Description of the task
Output only the lines of the entries that follow, starting at the one with "a view of a" and running down to the one with "Un espacio de", both included and unchanged.

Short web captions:
+ + + +
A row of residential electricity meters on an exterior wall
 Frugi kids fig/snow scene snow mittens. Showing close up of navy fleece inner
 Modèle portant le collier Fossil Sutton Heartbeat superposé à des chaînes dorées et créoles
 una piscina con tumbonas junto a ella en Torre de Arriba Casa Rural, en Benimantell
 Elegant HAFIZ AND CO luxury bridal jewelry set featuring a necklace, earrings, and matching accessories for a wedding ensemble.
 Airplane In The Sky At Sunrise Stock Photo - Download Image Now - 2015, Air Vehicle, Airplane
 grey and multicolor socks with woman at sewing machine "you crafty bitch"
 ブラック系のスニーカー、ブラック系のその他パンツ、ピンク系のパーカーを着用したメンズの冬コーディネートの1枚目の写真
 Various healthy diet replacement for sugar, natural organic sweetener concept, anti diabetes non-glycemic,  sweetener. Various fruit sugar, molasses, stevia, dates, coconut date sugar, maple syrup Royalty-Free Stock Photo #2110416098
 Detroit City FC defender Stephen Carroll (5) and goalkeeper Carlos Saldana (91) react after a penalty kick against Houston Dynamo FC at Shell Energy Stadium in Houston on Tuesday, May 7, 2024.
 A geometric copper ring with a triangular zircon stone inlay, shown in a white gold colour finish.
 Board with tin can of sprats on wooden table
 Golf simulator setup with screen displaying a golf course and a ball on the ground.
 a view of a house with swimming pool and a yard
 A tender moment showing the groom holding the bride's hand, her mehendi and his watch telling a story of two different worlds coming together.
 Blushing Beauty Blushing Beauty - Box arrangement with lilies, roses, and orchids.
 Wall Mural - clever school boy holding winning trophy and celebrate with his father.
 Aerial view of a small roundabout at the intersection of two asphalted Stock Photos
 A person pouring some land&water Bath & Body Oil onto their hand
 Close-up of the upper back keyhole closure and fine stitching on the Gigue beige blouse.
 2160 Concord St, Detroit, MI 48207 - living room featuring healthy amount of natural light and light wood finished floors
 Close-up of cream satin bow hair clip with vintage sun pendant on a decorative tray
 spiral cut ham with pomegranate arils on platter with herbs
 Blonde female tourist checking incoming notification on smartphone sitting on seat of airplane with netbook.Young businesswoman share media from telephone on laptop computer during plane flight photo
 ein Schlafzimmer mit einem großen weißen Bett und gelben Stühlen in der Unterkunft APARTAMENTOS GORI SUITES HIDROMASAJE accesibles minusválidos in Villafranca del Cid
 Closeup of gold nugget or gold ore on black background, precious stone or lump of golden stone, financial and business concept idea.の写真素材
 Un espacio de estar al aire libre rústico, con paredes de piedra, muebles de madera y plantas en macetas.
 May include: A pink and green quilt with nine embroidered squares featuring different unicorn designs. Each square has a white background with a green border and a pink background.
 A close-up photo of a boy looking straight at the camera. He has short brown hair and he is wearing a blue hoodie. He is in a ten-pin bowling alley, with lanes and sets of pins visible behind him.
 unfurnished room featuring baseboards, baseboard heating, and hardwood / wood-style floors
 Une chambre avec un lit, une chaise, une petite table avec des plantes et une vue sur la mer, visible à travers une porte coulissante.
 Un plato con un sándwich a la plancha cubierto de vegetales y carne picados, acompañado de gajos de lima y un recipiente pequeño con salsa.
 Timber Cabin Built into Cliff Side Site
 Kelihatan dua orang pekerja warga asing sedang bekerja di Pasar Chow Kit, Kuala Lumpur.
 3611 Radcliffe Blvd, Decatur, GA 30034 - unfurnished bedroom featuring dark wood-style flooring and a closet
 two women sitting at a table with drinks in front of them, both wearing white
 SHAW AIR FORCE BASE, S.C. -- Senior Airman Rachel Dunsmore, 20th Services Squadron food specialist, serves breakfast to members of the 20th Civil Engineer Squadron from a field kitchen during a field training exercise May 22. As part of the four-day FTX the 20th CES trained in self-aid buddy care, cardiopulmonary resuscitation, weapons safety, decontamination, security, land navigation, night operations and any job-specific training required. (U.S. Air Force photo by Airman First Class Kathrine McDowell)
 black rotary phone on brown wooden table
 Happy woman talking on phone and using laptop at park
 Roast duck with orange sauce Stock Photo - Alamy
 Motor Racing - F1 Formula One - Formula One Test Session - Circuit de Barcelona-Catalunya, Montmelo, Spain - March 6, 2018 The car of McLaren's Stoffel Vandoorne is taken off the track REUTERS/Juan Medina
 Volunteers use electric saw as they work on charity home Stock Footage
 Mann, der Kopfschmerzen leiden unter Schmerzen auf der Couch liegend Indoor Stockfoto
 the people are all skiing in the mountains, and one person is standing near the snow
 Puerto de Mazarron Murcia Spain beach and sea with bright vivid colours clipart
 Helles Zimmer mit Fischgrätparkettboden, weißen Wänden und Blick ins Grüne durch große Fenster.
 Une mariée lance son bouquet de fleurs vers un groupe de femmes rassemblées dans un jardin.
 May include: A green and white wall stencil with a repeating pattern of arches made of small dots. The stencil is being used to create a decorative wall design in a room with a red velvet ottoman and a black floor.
+ + + +
Exercise result
 a view of a house with swimming pool and a yard
 A tender moment showing the groom holding the bride's hand, her mehendi and his watch telling a story of two different worlds coming together.
 Blushing Beauty Blushing Beauty - Box arrangement with lilies, roses, and orchids.
 Wall Mural - clever school boy holding winning trophy and celebrate with his father.
 Aerial view of a small roundabout at the intersection of two asphalted Stock Photos
 A person pouring some land&water Bath & Body Oil onto their hand
 Close-up of the upper back keyhole closure and fine stitching on the Gigue beige blouse.
 2160 Concord St, Detroit, MI 48207 - living room featuring healthy amount of natural light and light wood finished floors
 Close-up of cream satin bow hair clip with vintage sun pendant on a decorative tray
 spiral cut ham with pomegranate arils on platter with herbs
 Blonde female tourist checking incoming notification on smartphone sitting on seat of airplane with netbook.Young businesswoman share media from telephone on laptop computer during plane flight photo
 ein Schlafzimmer mit einem großen weißen Bett und gelben Stühlen in der Unterkunft APARTAMENTOS GORI SUITES HIDROMASAJE accesibles minusválidos in Villafranca del Cid
 Closeup of gold nugget or gold ore on black background, precious stone or lump of golden stone, financial and business concept idea.の写真素材
 Un espacio de estar al aire libre rústico, con paredes de piedra, muebles de madera y plantas en macetas.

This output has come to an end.